Let’s face it. Just about anybody can throw a few billion transistors onto a custom 7nm chip, crank up the coulombs, apply data center cooling, put together an engineering team with a few hundred folks including world expert data scientists, digital architecture experts, software savants, and networking gurus, and come up with a pretty decent AI inference engine. There’s nothing to it, really.
But there are a lot of applications that really do need AI inference at the edge – when there just isn’t time to ship the data from your IoT device to the cloud and wait for an answer back. What then? Oh, and what if your team is on a budget smaller than a medium-sized nation? Yeah, that’s when things begin to get trickier.
Consider, if you will, an IoT development team with a double-, or even (gasp) single-digit number of engineers? Imagine, if you can, a project schedule considerably shorter than a decade? Picture, if it isn’t too much of a stretch, an engineering team with some holes in expertise, and with communications that fall short of a multi-port hive mind, We’re not talking about your team, of course.

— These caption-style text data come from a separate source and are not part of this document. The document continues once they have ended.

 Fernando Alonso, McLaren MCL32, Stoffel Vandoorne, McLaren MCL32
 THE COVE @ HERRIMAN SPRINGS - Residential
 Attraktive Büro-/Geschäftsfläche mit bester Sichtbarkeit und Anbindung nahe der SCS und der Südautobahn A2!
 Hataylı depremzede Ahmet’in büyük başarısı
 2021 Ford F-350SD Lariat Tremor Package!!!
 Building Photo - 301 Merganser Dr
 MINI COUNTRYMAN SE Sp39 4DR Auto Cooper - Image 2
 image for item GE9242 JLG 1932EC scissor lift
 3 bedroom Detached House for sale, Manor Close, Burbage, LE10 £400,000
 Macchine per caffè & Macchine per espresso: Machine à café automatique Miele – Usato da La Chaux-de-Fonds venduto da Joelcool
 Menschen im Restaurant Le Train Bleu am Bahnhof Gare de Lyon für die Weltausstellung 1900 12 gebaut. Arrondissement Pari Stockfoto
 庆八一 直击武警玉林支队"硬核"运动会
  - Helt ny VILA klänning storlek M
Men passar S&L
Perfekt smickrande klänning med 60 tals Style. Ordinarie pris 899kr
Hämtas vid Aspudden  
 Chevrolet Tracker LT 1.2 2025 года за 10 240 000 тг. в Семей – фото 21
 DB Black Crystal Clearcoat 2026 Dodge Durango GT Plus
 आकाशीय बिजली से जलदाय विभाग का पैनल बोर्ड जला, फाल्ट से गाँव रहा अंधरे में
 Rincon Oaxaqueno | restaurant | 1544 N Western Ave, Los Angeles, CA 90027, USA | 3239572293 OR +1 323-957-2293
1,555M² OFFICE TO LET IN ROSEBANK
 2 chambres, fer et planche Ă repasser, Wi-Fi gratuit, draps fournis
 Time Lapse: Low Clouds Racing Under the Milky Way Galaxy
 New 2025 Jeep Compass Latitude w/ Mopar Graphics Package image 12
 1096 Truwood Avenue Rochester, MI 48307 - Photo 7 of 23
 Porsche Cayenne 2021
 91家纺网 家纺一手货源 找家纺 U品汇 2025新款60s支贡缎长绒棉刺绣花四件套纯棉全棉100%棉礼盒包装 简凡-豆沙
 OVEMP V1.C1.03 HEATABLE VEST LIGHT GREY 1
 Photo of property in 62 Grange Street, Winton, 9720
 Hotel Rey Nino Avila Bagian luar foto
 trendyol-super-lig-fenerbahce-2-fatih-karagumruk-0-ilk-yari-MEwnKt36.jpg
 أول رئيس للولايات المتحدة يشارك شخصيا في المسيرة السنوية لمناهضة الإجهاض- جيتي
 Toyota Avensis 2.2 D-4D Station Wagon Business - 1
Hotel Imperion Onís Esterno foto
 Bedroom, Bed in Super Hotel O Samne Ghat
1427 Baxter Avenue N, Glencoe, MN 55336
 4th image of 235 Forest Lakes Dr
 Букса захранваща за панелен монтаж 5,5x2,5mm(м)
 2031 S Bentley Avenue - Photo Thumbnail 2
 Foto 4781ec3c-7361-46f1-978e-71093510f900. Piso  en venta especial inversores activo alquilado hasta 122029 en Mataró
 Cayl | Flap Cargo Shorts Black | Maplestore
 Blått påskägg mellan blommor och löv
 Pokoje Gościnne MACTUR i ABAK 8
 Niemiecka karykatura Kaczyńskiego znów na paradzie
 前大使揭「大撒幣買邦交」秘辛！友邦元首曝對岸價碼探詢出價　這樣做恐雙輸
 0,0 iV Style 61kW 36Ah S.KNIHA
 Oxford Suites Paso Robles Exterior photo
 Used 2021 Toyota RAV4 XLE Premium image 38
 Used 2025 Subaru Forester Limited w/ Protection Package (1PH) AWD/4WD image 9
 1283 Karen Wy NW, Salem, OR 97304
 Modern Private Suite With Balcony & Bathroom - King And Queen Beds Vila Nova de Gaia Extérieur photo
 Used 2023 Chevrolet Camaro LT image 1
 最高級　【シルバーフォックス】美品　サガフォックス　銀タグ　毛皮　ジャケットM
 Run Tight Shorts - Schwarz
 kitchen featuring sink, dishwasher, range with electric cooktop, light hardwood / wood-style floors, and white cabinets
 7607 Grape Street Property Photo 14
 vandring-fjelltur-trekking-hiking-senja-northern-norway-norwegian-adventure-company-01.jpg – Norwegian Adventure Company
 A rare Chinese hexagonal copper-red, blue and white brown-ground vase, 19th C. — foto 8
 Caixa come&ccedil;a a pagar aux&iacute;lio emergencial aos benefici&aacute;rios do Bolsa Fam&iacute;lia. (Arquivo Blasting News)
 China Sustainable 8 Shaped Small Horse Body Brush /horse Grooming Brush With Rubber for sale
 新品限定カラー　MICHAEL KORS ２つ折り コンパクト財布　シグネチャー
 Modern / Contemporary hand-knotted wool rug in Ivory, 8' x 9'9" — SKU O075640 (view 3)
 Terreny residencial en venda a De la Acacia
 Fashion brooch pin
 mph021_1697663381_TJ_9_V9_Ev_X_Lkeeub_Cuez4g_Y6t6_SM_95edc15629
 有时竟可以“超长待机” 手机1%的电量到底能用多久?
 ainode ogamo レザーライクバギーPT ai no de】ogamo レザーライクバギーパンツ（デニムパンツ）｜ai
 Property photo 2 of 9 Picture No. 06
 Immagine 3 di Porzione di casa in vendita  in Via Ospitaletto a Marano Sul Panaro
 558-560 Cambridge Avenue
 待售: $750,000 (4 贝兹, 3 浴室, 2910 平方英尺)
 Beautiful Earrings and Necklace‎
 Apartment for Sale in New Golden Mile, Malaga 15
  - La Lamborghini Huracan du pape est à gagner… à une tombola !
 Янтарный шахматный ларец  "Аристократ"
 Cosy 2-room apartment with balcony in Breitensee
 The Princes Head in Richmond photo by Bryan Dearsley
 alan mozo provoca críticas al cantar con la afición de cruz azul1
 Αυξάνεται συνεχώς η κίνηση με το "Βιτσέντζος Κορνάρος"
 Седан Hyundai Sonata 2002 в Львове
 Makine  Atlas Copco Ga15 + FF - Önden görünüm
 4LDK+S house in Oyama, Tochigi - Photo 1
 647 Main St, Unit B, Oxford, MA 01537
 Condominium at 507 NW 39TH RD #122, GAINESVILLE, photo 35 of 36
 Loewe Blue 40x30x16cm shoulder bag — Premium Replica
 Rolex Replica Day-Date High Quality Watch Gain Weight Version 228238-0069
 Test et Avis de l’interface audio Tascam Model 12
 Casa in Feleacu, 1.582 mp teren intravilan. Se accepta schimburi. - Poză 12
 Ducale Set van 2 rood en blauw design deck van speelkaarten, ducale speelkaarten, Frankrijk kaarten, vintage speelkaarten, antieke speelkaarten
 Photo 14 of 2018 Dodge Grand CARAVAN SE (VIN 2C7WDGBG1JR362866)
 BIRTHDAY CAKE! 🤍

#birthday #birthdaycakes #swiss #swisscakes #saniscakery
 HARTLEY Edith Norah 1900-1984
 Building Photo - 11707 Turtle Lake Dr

This is a hypothetical exercise, but bear with me.
Such a team might find themselves in a situation where the folks designing the hardware – laying out PCBs, writing RTL, staring at eye diagrams on BERT scopes – were not experts in AI. Those working on the AI models and data sets with their TensorFlows and Caffes were not familiar with the ins and outs of shared memory, hardware multipliers, and multi-gigabit serial interfaces. And neither set was really that solid on the architectural challenges of creating efficient convolution data-path engines and optimally quantizing models for power and area efficiency.
Well, hypothetical team, Microchip has your back.
There is a large gap in the power/performance/cost spectrum for AI inference where Microchip’s FPGA offerings (formerly from Microsemi and Actel) run mostly unopposed. In particular, their PolarFire and PolarFire SoC FPGAs occupy a point on the curve with AI inference capability well above what one could expect with ultra-low-power offerings such as those from Lattice Semiconductor, and with cost and power consumption significantly lower than high-end offerings from the likes of Xilinx, Intel, and Achronix. If your application sits in that gap, and many, many do – particularly performing functions like smart embedded vision – Microchip’s chips may be an excellent fit.
But we’ve discussed that in the past. What brings us here today is our possibly less-than-hypothetical engineering team – toiling away to develop an edge- or endpoint-AI-based embedded vision application for an IoT device, and struggling to bridge the enormous AI-to-hardware expertise gap. If all you needed to have your smart camera distinguish between grazing herds of deer and approaching zombie hordes was some fancy hardware, we’d all have shipped our products long ago.
This week, Microchip rolled out their VectorBlox Accelerator Software Development Kit (SDK), which “helps developers take advantage of Microchip’s PolarFire FPGAs for creating low-power, flexible overlay-based neural network applications without learning an FPGA tool flow.” VectorBlox brings a number of compelling advantages to our aforementioned embattled embedded engineering team. First and foremost, it creates the critical bridge between software/AI developers creating AI models in frameworks such as TensorFlow and hardware acceleration in an FPGA – without requiring the software developers to understand FPGA design, and without requiring FPGA developers to understand the AI models. Assuming that it creates efficient implementations, this is a game-changing capability for many teams.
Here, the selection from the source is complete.